James B. Channon (September 20, 1939- September 10, 2017) was a U.S. Army lieutenant colonel, New Age futurologist, and business consultant. He was primarily known for authoring the First Earth Battalion Operations Manual (1979, and later editions), a popular book pointing the way toward a New Age transformation in the U.S. military. The graphic-heavy publication was inspired by Stewart Brand's Whole Earth Catalog.

==Biography==
Channon received a B.A. in fine art and an M.A. in behavioral communications from the University of Kentucky. He also held a Master of Military Arts and Sciences (M.M.A.S.) degree from the United States Army Command and General Staff College and a Master of Strategic Studies (M.S.S.) degree from the United States Army War College.

He served in the U.S. Army as an infantry officer from 1962 to 1982 and completed two tours in the Vietnam War (1965–66 and 1970–71), with the 173rd Airborne Brigade. His work and philosophy during his last years on active duty were documented by journalist Jon Ronson in his 2004 book The Men Who Stare at Goats. According to Ronson's book, Channon spent time between 1977 and 1979 with many of the people in California credited with starting the human potential movement (including forays to the Esalen Institute) and in 1979 wrote a 125-page "operations manual" for a proposed "First Earth Battalion".

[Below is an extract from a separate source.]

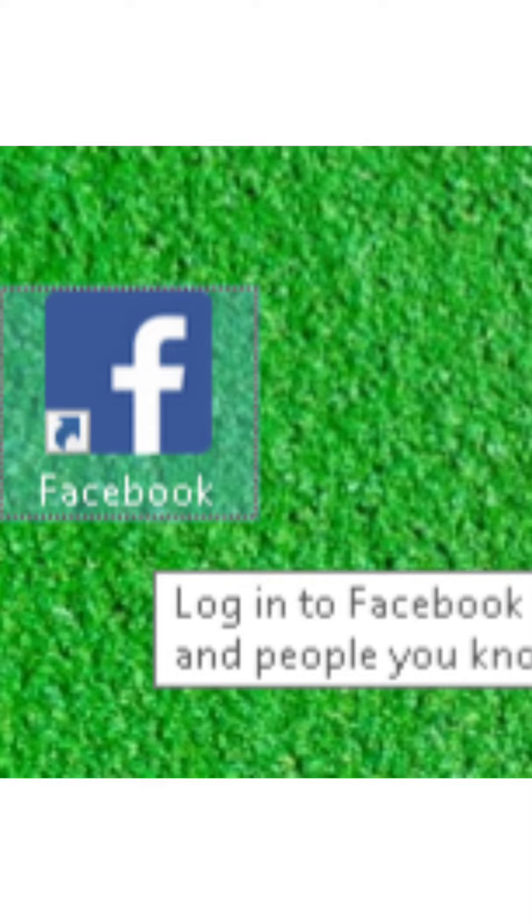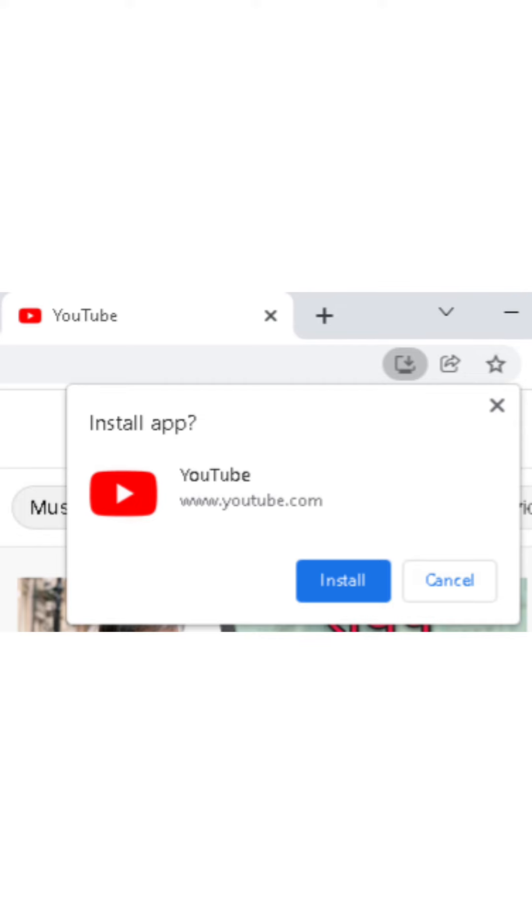Then that website will be saved as an app on your PC. Some websites and web browsers show a dedicated option to have websites as apps, but it is the same as creating a shortcut just like we did.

His concept was that a new generation of "warrior monks" would utilize countercultural principles to better prevail in future conflicts with the nation's adversaries. At a subsequent 1979 briefing at the Fort Knox officer's club, Channon presented his concepts to "commanders", who (he claims) immediately made him the first commander of the First Earth Battalion. (Channon has also told a slightly different version of this story which takes place during a meeting of the "think tank" Task Force Delta, which first convened in 1983 and occurred at Fort Leavenworth, Kansas.)

After retiring from the Army, Channon continued to promote his concepts and worked as an "organizational transformation consultant" to such companies as AT&T, Du Pont, and Whirlpool. In 1990, he was featured in Fortune magazine as the business world's first corporate shaman. He was described as specializing in "helping managers express their vision by creating a picture that makes corporate goals tangible against a starry universe or earthscape background. But at heart he sees himself as a shaman."

He was featured in Omni and other magazine/websites as the founder of the Army's First Earth Battalion.

In a 2004 video interview with Ronson, Channon said that he was still consulted by "top brass" ("like the Chief of Staff of the Army") and was still officially the commander of the First Earth Battalion.